Ann Arbor must aim higher than "barely acceptable'' for City Place project
The Ann Arbor City Council’s unanimous vote to approve a site plan for City Place may represent a victory for the developer of this vapid project, but here’s hoping it proves to be an empty one.
Neither city officials nor neighbors - nor we - can summon any enthusiasm for this 144-bedroom apartment house project on South Fifth Avenue, where seven historic homes now stand.
Granted, the project does meet the bare minimum requirements for approval, which is why City Council felt legally bound to accept the site plan, even as one remarked he had to “hold my nose’’ in order to vote for it.
There does not, however, appear to be any great likelihood that the project will be built in the form that City Council reluctantly accepted last Monday.
Market forces may be enough to prevent it. City Place is geared toward a student audience and demand for that type of housing appears soft at the moment, thanks to newly built student apartment buildings and college dormitory renovations. Financing such a project in the current economic climate may not be possible, either.
More importantly, the city has instituted a six-month moratorium on new development or the demolition of existing buildings in that area while a committee studies whether a historic district should be created to preserve the Germantown neighborhood.
That moratorium should keep City Place on hold for now, and hopefully create a window of opportunity for developer Alex de Parry to work with neighbors to craft a more acceptable project.
Last July, the developer reached an agreement with the city under which the site plan would be tabled and he’d come back in January with a revised planned unit development, or PUD.
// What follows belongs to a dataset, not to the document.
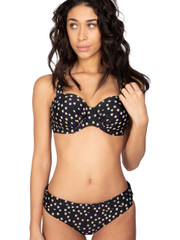 BASTILE CCUP Underwire bikini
That’s why city officials were surprised when de Parry came back this month and compelled a vote on the site plan that had been tabled. But he said city officials forced his hand, claiming it was an act of bad faith for the city to approve the moratorium after he’d already agreed to revise his project.
If this were not such an uninspired, set-the-bar-as-low-as-possible design, we could muster more sympathy for de Parry. Ann Arbor is notoriously slow, difficult and inconsistent in the way in the way it receives development projects, and he is by no means the first developer to feel frustrated by the process.
But as we look to the future of Ann Arbor, we don’t think “barely acceptable’’ is the standard we should be shooting for, and we find it particularly unpalatable to sacrifice seven century-old homes for the City Place plan currently on the table.
Even though de Parry forced the City Council to vote on the site plan that won approval last week, we remain hopeful that was more an act of brinksmanship than a signal of his intention to impose this project on the city without significantly reworking it.
He told AnnArbor.com last week that he is modifying a plan for City Place based on neighborhood input, and is awaiting revised renderings from his architect.
The Germantown Neighborhood Association remains adamantly opposed to the current version of the plan, although it has said it would accept a project that included some mix of new units and renovation of existing homes that respects the character of the area.
That would be a welcome outcome and we encourage the city, the developer and the neighbors to continue to work toward it.
(This editorial was published in today's newspaper and reflects the opinion of the AnnArbor.com editorial board.)